There comes a time in the life of every Youth (in boy Youths usually around the ages of thirteen or fourteen), when they become seized by the desire to purchase a carton of eggs of an evening, hang around in groups of two at the entrance to Lambs Lane in Falmouth, and randomly hurl said yolky missiles at innocent passersby on the other side of the road.
Accompanying your ovum-based bombardment with random random shouts of 'Twat' are expected, although if your partner is possessed by a fit of extremely high-pitched and rather girlish giggles, this may lessen the impact of your attacks a little.
And if, when the targets of your double-yokers (a highly-regarded screenwriter, his GF and his Bezzie Mate) turn round to see what on earth is going on, having heard an egg hit the ground a few feet behind them, take care not to panic and attempt to leg it round the corner at a speed unsuitable to a sharp turn, leading to both of you falling over on the pavement onto your remaining eggs and badly skinning your hands.

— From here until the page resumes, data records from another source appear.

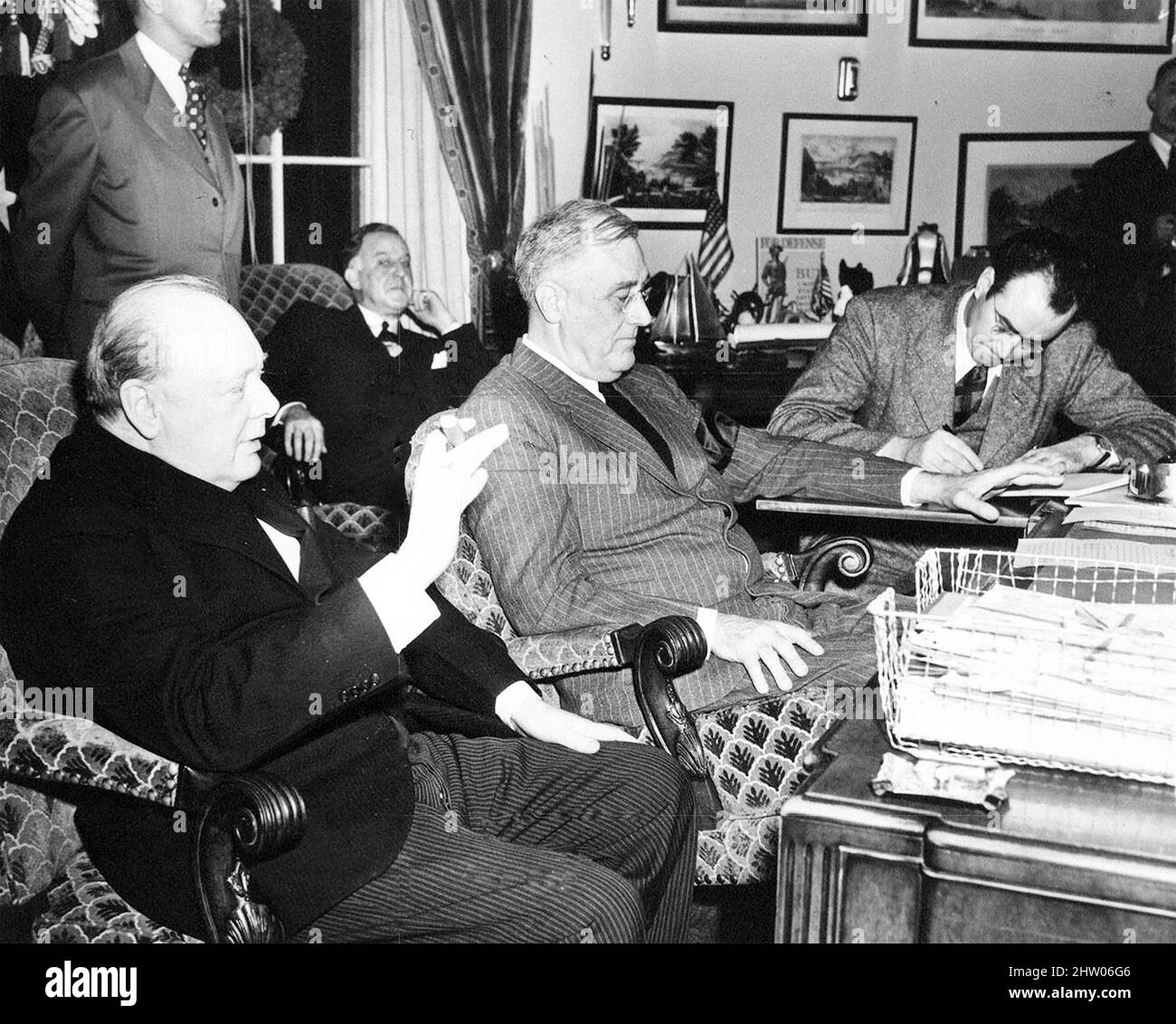 WINSTON CHURCHILL und Franklin D. Roosevelt halten im Januar 1942 eine Pressekonferenz im Oval Office des Weißen Hauses ab. US-Pressesekretär Stephen saß früh im Hintergrund. Diese erste Washington-Konferenz wurde Code namens Arcadia Stockfoto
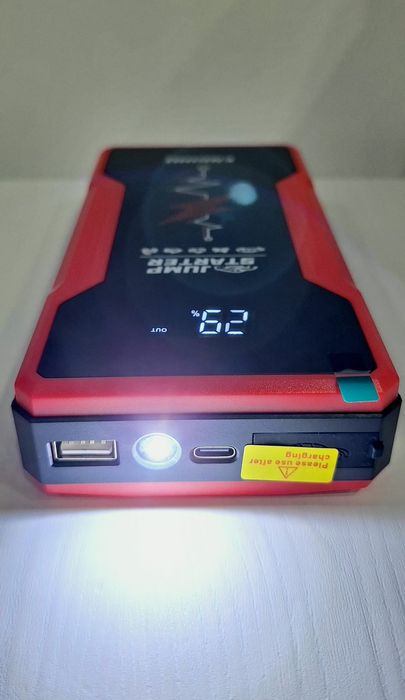 Стартер бустер STSCELT DY51 - Джъмп стартер за автомобили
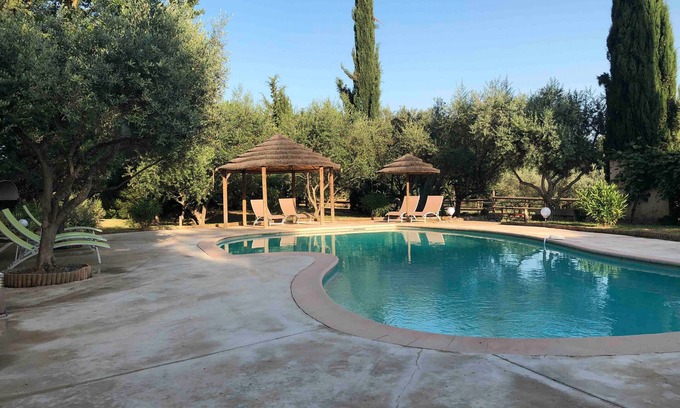 Le Val Casa | Holiday Home 'Au Écuries Du Mas Di Gau' with Shared Pool, Wi-Fi and Air Conditioning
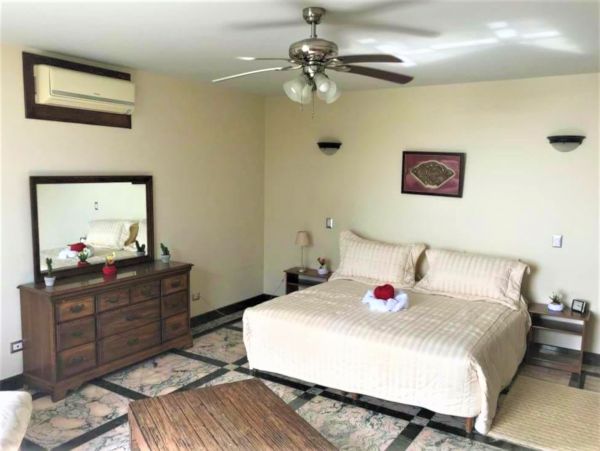 Costa Rica Luxury Vacation Rental Home in Playa Flamingo
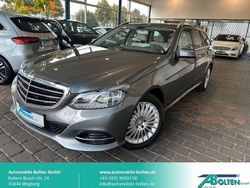 Grau Gebraucht 2016 Mercedes E200 Elegance Limousine | 13.890 € (Fairer Preis)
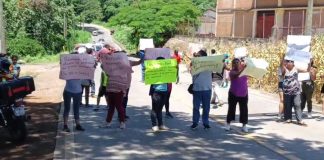 Bloquean carretera de Coatepec en demanda de reparación del “puente del diablo”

This will lead to hysterics on the part of the screenwriter, who is then allowed to make the observation: 'Hahahahhaha you Twats'. You are then both allowed to get to your feet, attempt to ignore the fact you have the rest of your eggs dripping down your front and run home. Calling 'Twat' over your shoulder again as you run, however, is bad form, and will be rebounded onto you instantly, pinch punch no returns.
Broadband due next Wednesday, apparently.